The tool is capable of migrating user notification rules from PagerDuty to Grafana OnCall. Notification rules from the "When a high-urgency incident is assigned to me..." section in PagerDuty settings are taken into account and will be migrated to default notification rules in Grafana OnCall for each user. Note that delays between notification rules may be slightly different in Grafana OnCall, see Limitations for more info.

When running the migration, existing notification rules in Grafana OnCall will be deleted for every affected user.

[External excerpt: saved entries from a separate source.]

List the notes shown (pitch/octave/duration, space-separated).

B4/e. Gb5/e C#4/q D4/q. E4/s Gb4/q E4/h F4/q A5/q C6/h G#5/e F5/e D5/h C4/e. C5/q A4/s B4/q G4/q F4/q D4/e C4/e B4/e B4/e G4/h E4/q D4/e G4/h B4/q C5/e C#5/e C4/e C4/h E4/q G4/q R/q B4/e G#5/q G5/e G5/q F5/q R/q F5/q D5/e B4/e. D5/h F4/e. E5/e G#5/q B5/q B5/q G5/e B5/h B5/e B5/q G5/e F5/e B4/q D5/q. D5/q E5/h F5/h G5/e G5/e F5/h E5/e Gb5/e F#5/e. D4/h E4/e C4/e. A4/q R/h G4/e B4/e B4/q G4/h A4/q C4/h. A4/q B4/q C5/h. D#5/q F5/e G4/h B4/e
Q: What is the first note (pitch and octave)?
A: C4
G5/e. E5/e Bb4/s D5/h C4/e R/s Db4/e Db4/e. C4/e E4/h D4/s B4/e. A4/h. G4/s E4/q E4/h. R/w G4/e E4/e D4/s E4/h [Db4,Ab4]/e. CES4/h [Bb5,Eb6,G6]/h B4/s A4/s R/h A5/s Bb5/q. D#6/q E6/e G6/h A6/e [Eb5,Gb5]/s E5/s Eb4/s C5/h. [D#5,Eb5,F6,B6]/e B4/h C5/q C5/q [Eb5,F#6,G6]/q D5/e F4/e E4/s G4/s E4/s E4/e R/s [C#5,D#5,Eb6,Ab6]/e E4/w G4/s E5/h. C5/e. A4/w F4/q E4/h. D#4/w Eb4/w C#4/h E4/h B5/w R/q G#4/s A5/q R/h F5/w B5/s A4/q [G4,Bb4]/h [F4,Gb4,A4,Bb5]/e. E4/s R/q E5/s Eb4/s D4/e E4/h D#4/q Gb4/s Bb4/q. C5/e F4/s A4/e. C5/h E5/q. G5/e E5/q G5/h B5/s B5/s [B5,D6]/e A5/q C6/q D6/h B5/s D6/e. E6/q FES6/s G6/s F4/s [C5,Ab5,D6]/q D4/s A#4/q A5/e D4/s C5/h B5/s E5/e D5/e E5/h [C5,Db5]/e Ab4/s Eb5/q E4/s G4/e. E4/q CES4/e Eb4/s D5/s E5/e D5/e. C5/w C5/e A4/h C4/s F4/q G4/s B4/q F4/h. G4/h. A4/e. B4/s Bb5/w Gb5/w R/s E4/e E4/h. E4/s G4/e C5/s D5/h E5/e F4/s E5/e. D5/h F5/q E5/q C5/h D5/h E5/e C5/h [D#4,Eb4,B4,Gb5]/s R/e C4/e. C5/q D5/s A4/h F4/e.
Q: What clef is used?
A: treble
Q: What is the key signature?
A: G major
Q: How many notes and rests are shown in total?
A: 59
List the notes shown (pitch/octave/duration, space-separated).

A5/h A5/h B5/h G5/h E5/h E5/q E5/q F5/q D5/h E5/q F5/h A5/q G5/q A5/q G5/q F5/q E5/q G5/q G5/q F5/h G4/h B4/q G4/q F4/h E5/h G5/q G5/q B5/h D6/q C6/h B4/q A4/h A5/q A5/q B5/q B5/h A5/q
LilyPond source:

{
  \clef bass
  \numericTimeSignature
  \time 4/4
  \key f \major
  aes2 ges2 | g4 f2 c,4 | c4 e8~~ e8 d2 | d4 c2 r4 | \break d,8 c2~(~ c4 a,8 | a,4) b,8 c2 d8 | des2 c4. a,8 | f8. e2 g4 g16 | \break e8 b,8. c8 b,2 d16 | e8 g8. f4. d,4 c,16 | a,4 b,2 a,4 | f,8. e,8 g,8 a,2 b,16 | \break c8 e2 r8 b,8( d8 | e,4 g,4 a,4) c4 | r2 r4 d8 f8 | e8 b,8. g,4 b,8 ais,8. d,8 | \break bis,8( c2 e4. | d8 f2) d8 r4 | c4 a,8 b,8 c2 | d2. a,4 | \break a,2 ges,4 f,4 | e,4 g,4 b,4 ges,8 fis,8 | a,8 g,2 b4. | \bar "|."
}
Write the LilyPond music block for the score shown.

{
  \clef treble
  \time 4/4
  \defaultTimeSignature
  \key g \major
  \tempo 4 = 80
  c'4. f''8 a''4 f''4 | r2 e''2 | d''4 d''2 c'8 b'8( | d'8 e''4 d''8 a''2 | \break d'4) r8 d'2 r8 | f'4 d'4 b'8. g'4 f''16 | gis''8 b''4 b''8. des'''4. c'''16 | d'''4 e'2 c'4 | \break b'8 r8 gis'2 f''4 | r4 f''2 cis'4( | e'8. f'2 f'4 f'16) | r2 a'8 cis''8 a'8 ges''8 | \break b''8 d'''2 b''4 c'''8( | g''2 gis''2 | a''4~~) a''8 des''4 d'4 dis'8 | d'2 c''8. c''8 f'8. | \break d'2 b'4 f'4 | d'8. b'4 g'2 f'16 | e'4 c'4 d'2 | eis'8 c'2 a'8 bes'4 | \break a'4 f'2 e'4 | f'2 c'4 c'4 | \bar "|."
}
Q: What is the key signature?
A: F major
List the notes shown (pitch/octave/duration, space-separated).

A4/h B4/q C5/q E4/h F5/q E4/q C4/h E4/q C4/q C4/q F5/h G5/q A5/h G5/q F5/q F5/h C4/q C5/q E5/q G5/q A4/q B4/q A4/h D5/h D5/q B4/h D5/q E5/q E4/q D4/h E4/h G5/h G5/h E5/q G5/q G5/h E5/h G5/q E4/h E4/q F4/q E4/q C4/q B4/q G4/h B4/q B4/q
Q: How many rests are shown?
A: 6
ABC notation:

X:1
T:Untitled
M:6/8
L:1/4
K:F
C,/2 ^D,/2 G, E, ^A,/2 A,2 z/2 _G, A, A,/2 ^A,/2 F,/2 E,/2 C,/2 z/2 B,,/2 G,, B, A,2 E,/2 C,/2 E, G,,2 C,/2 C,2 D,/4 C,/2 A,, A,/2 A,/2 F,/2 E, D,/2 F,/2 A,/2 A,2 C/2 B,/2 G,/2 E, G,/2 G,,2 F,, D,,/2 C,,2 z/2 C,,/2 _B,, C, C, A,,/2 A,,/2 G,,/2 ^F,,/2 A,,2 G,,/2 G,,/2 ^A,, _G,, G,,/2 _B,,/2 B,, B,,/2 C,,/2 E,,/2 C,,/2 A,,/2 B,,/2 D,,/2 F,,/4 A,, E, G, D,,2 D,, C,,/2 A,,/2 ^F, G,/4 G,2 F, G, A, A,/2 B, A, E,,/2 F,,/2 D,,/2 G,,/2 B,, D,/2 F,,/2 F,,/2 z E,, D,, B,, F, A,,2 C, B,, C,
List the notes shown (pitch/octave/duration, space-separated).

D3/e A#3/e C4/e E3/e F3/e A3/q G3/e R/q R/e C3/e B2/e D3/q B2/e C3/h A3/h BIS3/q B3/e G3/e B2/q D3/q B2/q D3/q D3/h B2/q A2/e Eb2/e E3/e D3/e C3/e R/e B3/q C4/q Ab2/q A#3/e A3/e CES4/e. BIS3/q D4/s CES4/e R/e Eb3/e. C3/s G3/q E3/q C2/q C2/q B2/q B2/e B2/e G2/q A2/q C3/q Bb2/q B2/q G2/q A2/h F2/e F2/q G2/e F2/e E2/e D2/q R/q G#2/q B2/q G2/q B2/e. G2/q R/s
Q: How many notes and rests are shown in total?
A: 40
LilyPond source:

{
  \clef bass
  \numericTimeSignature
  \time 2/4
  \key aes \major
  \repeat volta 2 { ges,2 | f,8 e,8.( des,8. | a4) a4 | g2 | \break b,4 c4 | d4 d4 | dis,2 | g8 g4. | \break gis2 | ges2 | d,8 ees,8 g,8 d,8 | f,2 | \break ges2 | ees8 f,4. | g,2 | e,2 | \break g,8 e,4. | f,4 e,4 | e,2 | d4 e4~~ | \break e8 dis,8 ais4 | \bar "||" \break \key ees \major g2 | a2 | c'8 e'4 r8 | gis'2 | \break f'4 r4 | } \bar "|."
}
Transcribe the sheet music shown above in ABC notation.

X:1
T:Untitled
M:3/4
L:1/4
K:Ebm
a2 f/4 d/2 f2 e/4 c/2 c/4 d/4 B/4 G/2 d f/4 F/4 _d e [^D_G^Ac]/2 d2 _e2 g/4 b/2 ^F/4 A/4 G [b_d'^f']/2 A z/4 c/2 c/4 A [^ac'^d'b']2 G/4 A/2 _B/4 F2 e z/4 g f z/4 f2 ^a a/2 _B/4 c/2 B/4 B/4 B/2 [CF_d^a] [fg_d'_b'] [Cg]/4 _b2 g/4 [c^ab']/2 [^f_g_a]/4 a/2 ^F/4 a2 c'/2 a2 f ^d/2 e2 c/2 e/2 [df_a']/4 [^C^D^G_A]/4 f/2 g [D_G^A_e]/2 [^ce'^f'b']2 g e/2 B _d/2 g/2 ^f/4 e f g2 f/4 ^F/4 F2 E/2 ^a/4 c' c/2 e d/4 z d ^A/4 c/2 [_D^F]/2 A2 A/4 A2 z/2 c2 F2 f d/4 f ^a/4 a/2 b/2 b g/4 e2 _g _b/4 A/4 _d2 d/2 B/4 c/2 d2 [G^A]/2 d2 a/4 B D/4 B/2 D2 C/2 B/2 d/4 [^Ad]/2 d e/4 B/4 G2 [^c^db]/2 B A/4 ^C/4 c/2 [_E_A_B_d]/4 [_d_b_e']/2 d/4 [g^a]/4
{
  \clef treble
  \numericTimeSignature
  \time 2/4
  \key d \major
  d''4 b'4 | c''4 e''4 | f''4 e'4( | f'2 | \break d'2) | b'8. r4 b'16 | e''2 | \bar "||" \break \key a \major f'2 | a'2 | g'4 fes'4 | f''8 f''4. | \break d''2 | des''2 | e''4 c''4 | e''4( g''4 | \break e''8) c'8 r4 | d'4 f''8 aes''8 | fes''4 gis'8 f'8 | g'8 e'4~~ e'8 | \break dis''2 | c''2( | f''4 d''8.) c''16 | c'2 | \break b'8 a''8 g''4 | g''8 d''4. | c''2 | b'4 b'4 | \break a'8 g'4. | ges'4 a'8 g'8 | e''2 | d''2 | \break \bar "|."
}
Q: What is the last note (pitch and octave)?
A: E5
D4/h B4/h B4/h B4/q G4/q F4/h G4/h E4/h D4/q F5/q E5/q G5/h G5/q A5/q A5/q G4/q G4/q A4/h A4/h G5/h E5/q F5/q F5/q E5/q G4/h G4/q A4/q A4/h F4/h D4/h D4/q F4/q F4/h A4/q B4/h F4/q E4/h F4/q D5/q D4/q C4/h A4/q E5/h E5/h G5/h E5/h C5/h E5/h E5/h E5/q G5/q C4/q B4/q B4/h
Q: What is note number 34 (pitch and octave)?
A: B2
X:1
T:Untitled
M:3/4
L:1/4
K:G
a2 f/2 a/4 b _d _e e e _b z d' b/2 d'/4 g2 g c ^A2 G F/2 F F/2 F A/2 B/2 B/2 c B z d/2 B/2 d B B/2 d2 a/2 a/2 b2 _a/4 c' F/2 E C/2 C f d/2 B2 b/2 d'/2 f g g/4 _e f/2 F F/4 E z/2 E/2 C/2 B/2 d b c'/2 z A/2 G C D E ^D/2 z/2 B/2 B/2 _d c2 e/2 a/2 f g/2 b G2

Note that users are matched by email, so if there are users in the report with "no Grafana OnCall user found with this email" error, it's possible to fix it by adding these users to your Grafana organization. If there is a large number of unmatched users, please also see the script that can automatically create missing Grafana users via Grafana HTTP API.

On-call schedules

The tool is capable of migrating on-call schedules from PagerDuty to Grafana OnCall. There are two ways to migrate on-call schedules:

  • Migrate on-call shifts as if they were created in Grafana OnCall web UI. Due to scheduling differences between PagerDuty and Grafana OnCall, it's sometimes impossible to automatically migrate on-call shifts without manual changes in PD. Pass SCHEDULE_MIGRATION_MODE=web to the tool to enable this mode.
  • Using ICalendar file URLs from PagerDuty. This way it's always possible to migrate schedules without any manual changes in PD, but resulting schedules in Grafana OnCall will be read-only. Pass SCHEDULE_MIGRATION_MODE=ical to the tool to enable this mode.

On-call schedules will be migrated to new Grafana OnCall schedules with the same name as in PD. Any existing schedules with the same name will be deleted before migration. Any on-call schedules that reference unmatched users won't be migrated.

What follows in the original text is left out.